Nia mantuvo los afloramientos rocosos que se alzaban desde las laderas blancas como dientes malos entre ella y el tren en el valle de abajo. El rifle que colgaba a su espalda era un peso reconfortante. Había puesto el circuito de retraso en los drones durante 45 minutos y dejó su mochila y el resto de sus suministros atrás. Podría cubrir mucha distancia en 45 minutos y si no salía del cañón antes que los federales descendieran con fuerza, no necesitaría alimentos. Todo lo que necesitaba era municiones y tenía un montón. Había entrenado durante toda su vida para este tipo de acción y en pocos minutos estaría sobre la cresta y fuera de la vista del tren. La seguirían, una vez que notaran que se había ido antes de activar los drones. Pero no enviarían un equipo de inmediato. Pensarían que estaba debatiéndose en qué hacer, probablemente esperando que se tomara el tiempo de elegir entre su hermano y su hermana. No la conocían. No sabían la manera como habían sido criados. Pero entonces, realmente no se había conocido a sí misma hasta que Woods le había obligado a declarar quién era realmente. Se anguló hacia arriba hacia la carretera, ahora apenas discernible bajo la nieve acumulada y tomó un riesgo calculado. La posibilidad de que un vehículo viajara a lo largo de este camino era escasa, pero siempre había una oportunidad. Si podía robar un vehículo aún podría escapar. No había escuchado otro helicóptero desde aquel que descendió del cielo a cien yardas del tren. Ellos debieron haber evacuado el presidente cuando habían hecho el juego con Robbie, pero no esperaban que el asalto sin cuartel con los drones todavía siguiera en juego. Sin embargo, su ventana se estaba reduciendo rápidamente. En poco tiempo, los únicos vehículos que viajarían por este tramo serían los que irían en pos de ella, pero por ahora, tenía un camino claro. Se mantuvo cerca de la cubierta de los árboles a lo largo del hombrillo y corrió en medio de la tormenta que se avecinaba. Había viajado tres millas cuando el sonido de un vehículo que se aproximaba le obligó a saltar detrás de un grupo de árboles. Cargó su rifle y miró hacia la curva en la carretera. Un jeep rojo familiar apareció a su vista, arrojando nieve y cortando camino hacia ella. Ella salió y Titus patinó hasta detenerse.

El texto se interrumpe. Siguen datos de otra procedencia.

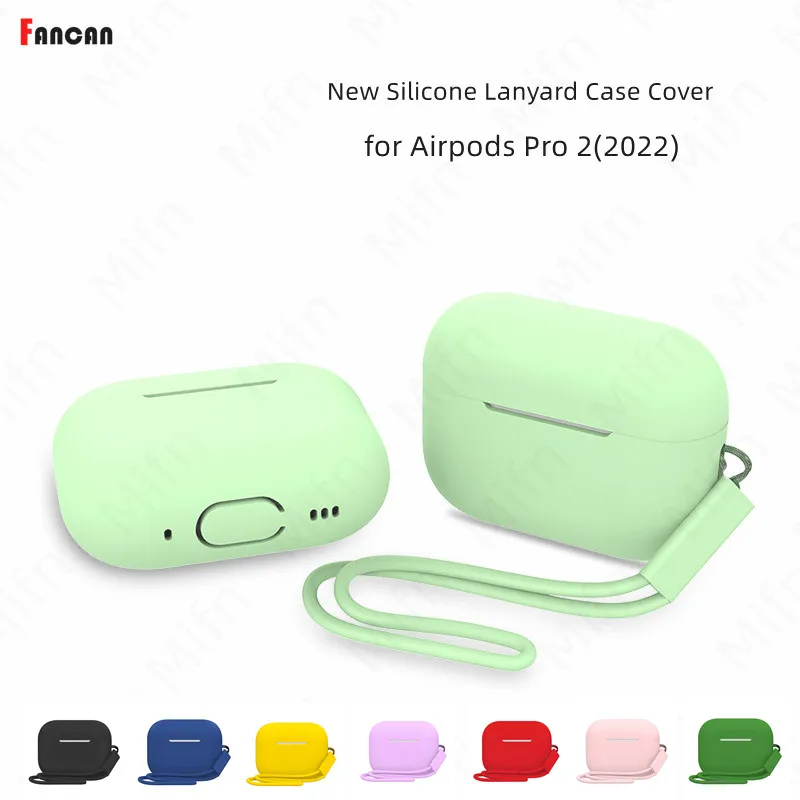 Liquid Silicone Case Cover For Apple Airpods Pro 2 Earphone case with Lanyard anti-lost Coque For Air pods Pro 2 Protective Case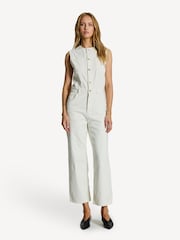 Paige Cirie Ankle Denim White Jumpsuit - Imagen 1 de 7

Nia abrió la puerta del pasajero y saltó —¿Qué estás haciendo aquí?

—Se está haciendo tarde. Imaginé que podrías necesitar un paseo— hizo un giro de 180 grados en medio de la carretera y patinó alrededor de la curva por donde había venido —Además, no hay nada que hacer en esta ciudad con un solo caballo— él le miró mientras sacaba una botella de agua de su bolsillo interno y bebía profundamente —¿Misión abortada?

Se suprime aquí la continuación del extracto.